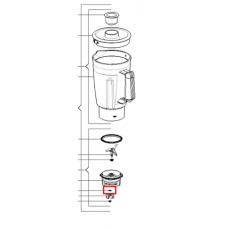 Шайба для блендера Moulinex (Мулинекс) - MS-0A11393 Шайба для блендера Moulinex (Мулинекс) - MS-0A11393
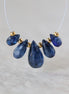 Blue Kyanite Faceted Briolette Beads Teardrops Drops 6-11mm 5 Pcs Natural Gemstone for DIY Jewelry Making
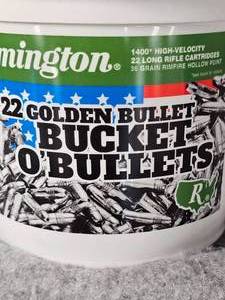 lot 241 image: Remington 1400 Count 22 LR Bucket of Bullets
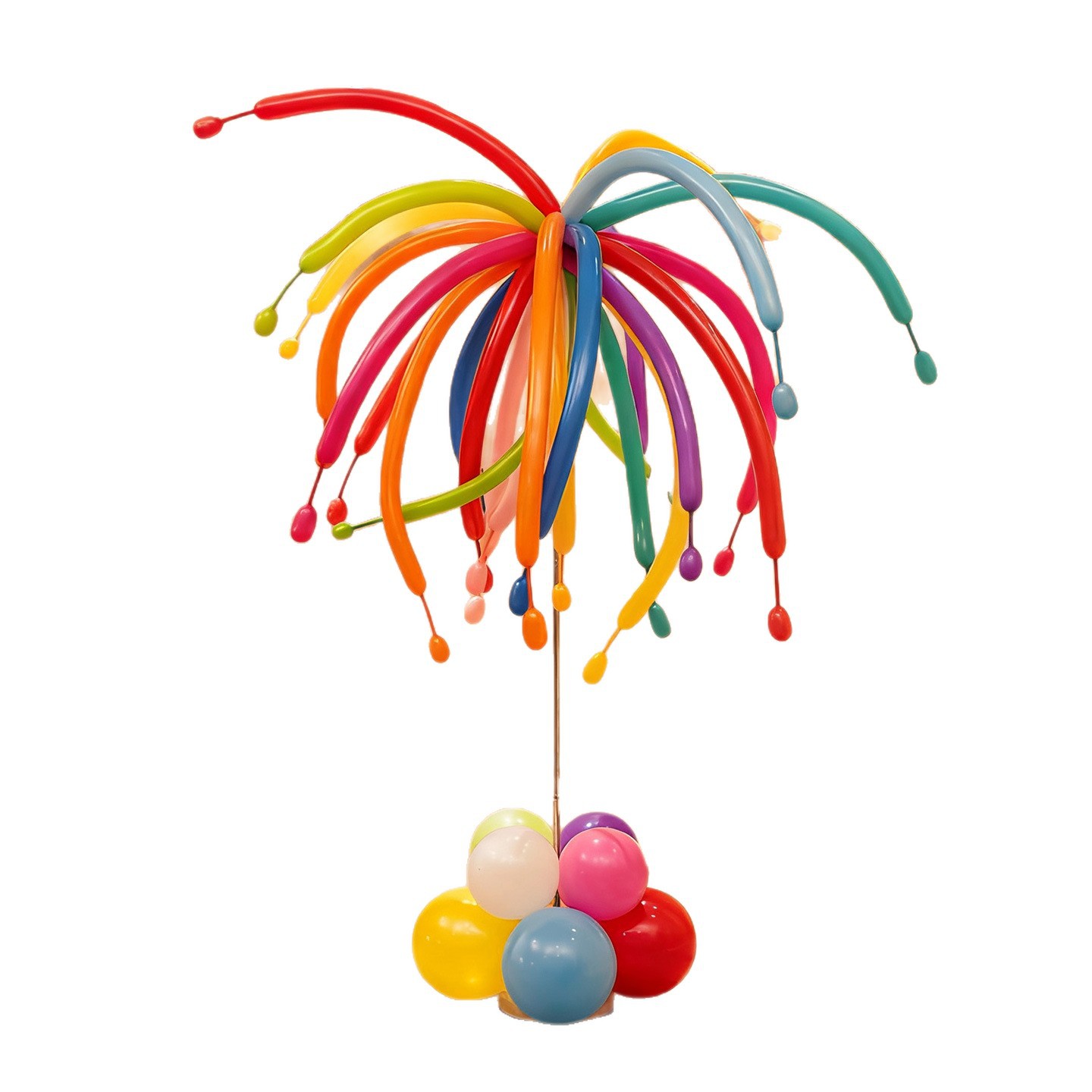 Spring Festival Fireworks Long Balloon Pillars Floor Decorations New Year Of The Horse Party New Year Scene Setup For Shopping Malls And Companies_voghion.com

***

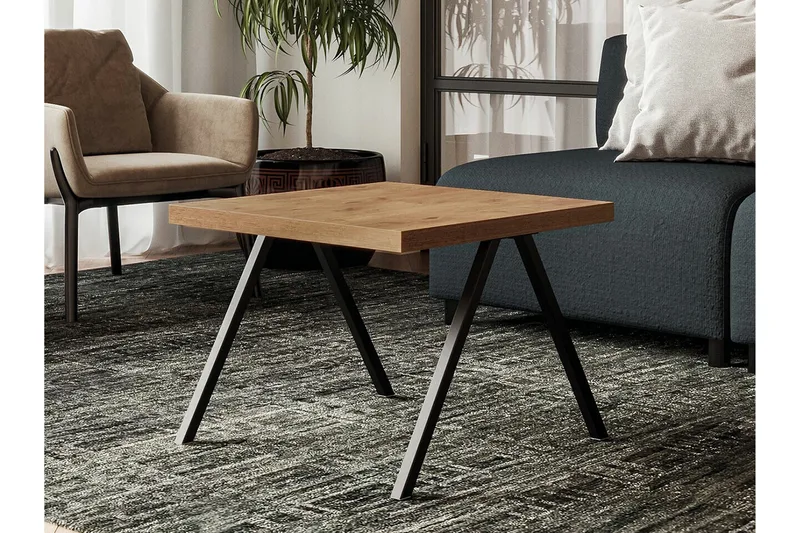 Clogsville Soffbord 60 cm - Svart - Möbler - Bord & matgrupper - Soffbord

***

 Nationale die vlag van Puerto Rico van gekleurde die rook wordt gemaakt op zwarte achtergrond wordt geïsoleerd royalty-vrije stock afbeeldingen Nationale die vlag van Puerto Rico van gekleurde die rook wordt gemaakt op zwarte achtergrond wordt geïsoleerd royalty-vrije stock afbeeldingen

***

* Exercise prompt: Copy only this from above: the line containing "lot 241 image: Remington", the line containing "Spring Festival Fireworks", and all lines between, printed exactly. Leave out the pictures.

* Answer space:
 lot 241 image: Remington 1400 Count 22 LR Bucket of Bullets
 Spring Festival Fireworks Long Balloon Pillars Floor Decorations New Year Of The Horse Party New Year Scene Setup For Shopping Malls And Companies_voghion.com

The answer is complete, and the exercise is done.